# [TASK BRIEF]
Review the material and extract every line in which the word "Duty" occurs.

..........

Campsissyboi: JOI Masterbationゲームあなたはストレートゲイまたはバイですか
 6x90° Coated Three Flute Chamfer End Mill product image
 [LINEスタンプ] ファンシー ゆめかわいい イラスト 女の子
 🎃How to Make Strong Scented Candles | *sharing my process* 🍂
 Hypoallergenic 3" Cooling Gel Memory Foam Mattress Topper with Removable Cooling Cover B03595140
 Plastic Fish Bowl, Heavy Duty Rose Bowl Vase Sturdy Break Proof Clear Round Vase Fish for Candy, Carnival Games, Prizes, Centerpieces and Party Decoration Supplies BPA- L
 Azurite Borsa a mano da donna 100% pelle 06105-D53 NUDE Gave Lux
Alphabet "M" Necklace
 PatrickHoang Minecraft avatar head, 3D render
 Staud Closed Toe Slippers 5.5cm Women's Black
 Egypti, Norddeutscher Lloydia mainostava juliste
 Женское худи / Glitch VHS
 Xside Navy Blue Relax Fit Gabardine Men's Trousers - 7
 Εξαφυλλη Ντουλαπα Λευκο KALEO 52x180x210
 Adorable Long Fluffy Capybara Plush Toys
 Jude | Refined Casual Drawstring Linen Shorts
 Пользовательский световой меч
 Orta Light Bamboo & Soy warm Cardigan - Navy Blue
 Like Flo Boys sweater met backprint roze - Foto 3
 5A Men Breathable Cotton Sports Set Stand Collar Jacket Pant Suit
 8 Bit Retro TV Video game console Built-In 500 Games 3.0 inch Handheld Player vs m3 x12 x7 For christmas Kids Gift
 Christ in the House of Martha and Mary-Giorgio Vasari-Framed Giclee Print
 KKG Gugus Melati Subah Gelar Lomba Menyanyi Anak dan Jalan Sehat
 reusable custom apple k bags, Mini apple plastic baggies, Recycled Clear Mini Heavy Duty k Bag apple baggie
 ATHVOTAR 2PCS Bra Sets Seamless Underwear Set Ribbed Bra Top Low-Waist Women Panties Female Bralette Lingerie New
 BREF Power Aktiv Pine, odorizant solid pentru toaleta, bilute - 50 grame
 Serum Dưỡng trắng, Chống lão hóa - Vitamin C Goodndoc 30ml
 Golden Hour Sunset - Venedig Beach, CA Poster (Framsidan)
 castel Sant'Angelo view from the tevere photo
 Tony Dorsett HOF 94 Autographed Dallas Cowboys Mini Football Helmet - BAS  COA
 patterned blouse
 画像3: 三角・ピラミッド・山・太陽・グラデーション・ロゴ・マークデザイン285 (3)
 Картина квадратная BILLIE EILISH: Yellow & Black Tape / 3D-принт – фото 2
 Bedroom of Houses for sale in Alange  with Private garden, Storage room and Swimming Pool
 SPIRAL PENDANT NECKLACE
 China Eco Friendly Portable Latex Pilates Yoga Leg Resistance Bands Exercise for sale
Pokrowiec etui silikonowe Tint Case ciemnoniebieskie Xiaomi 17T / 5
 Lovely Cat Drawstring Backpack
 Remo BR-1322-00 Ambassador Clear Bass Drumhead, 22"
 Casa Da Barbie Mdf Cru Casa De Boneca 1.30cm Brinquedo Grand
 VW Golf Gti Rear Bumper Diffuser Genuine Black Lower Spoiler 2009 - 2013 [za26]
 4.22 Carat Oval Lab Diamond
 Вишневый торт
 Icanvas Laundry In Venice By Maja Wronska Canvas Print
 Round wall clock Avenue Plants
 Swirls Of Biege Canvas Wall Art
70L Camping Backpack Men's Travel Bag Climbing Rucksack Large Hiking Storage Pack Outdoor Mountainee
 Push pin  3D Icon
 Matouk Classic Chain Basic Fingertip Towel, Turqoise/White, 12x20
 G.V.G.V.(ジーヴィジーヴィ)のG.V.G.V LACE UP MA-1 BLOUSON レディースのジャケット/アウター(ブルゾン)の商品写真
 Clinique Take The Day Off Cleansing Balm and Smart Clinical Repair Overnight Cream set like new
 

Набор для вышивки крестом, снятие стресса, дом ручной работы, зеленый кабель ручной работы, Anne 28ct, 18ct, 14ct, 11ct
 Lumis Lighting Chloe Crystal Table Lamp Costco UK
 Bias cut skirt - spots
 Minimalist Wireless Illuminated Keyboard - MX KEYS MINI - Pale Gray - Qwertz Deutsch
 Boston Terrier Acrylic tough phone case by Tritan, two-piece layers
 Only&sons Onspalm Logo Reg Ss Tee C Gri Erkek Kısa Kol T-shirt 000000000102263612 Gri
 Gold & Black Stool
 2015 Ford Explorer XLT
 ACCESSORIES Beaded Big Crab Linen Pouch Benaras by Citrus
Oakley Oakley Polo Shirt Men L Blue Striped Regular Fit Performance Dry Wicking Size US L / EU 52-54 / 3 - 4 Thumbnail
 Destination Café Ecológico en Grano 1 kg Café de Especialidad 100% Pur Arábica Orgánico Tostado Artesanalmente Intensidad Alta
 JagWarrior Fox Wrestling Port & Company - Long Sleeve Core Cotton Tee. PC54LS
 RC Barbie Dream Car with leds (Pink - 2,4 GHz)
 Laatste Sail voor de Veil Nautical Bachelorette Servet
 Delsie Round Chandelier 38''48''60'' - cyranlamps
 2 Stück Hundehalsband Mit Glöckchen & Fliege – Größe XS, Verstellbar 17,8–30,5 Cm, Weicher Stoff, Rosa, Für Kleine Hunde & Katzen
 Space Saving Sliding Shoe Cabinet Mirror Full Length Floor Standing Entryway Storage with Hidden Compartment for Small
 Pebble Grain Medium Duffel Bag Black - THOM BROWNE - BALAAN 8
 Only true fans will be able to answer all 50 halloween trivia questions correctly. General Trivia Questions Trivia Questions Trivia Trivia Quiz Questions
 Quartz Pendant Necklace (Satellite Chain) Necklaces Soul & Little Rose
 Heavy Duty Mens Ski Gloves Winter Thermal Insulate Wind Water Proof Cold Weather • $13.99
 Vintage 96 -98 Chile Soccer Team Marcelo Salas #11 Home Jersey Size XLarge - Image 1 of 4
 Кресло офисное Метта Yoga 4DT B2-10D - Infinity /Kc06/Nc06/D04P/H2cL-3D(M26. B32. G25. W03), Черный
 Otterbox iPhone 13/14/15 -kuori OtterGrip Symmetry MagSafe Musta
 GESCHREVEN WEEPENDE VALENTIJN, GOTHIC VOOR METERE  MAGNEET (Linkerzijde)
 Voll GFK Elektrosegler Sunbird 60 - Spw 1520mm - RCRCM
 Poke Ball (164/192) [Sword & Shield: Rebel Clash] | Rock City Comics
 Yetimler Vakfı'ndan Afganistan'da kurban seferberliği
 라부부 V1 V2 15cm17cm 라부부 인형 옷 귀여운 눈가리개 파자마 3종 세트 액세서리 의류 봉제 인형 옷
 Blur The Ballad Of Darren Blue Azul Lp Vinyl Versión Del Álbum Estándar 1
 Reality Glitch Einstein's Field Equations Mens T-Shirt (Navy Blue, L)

..........

# [ANSWER FOR THIS EXERCISE]
 Plastic Fish Bowl, Heavy Duty Rose Bowl Vase Sturdy Break Proof Clear Round Vase Fish for Candy, Carnival Games, Prizes, Centerpieces and Party Decoration Supplies BPA- L
 reusable custom apple k bags, Mini apple plastic baggies, Recycled Clear Mini Heavy Duty k Bag apple baggie
 Heavy Duty Mens Ski Gloves Winter Thermal Insulate Wind Water Proof Cold Weather • $13.99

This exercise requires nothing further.